Isso dá a Bacurau uma primeira parte lenta, mas essencial: a de composição dessa sociedade. Esse é um trabalho de construção de mundo que é algo nunca antes visto nos filmes de KMF, e que eu suspeito que seja algo vindo do Juliano Dornelles, que moldava vidas em prédios e apartamentos nos filmes anteriores e, agora, compõe elas na narrativa em si. Desde a composição do Museu e da Igreja à distribuição de seus habitantes nas ruas da cidade, a pequena Bacurau parece ter uma vida própria, e que o espectador só vê parte dela. Muitos detalhes de como Bacurau funciona e se rege são apenas postos na narrativa, mas nunca necessariamente esmiuçados, como se nem mesmo nós somos completamente dignos de confiança. E Bacurau dá bons motivos para não sermos.

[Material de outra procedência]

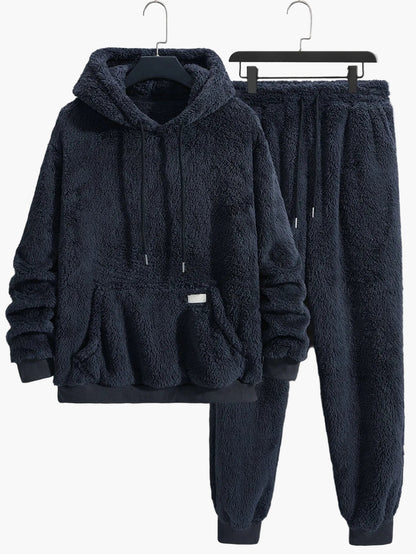 Men's Teddy Lounge Set Hoodie & Sweatpants – Cozy Leisure Outfit for Home & Everyday Use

Essa construção de identidade de uma comunidade é um processo complexo, e é fácil cair na armadilha de parecer estar filmando um zoológico sem conseguir dar ideia de como as figuras marcantes de Bacurau convivem entre si. Só que Bacurau é um filme de ação, de cima a baixo, e como todo bom filme de ação sua narrativa está sempre seguindo em frente, a passos rápidos; e seu fôlego evita que ele se perca em observações que possam remover dessas pessoas, e dessa identidade de comunidade, seus mistérios que as tornam reais e a inteligência que um filme do gênero requer de seus personagens evita que ele remova deles agência e percepção do mundo que os cercam. É quando a ação engrena, na sua segunda parte, que Bacurau mostra suas garras (e suas referências mais explícitas à John Carpenter, o diretor de Eles Vivem, Fuga de Nova York e do Halloween original).

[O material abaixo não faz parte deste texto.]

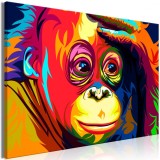 Cumpara ieftin Tablou - Colourful Orangutan (1 Part) Wide 120x80 cm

Bacurau é um filme inteligente o suficiente para saber o que o espectador quer depois de toda a construção de mundo da sua primeira parte, e por um breve momento o filme parece que vai entregar o oposto. Como todo o bom filme, Bacurau não entrega nem um nem outro, mas aquilo que soa natural à si mesmo, e nesse caso é uma história furiosa que vai deixar seu espectador igualmente furioso, e com isso dar a ele alguns dos momentos mais catárticos que um filme vai dar esse ano. Em uma das melhores cenas do ano, quando a tragédia parece posta de vez em Bacurau, o filme explode em sangue e é difícil não se surpreender, mas também não sentir que essa fúria, que o filme imprime mas que existe no brasileiro há alguns anos, é recompensada. Nós imaginamos o pior dos resultados nesse momento específico, mas o brasileiro sempre surpreende. Se em O Som ao Redor essa declaração era complexificada por causa da discordância de vozes de seus personagens, em Bacurau ela é posta num tiro e mirada na cabeça do vilão — só há um sentido, só há um resultado, e tomara que ele dê certo.
Em uma cena anterior, quando uma dupla de forasteiros pergunta o que significa o nome da cidade, uma das habitantes explica que Bacurau é o nome de uma ave da região que só sai à noite e, como Bacurau faz questão de entender, ele está furioso.